## Records supplied
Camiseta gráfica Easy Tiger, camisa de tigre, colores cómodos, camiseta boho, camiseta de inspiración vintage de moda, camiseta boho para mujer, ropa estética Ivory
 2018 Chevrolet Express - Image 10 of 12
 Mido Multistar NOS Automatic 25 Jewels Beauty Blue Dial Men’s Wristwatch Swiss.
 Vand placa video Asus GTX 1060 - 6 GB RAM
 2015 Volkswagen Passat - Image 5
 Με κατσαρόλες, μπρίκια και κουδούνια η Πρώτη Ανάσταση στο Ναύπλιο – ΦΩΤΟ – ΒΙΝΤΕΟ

## Task to complete
Word for word, restate the lines running from the one containing "2015 Volkswagen Passat - Image 5" through the final line of the records above, and nothing besides.

## Task solution
 2015 Volkswagen Passat - Image 5
 Με κατσαρόλες, μπρίκια και κουδούνια η Πρώτη Ανάσταση στο Ναύπλιο – ΦΩΤΟ – ΒΙΝΤΕΟ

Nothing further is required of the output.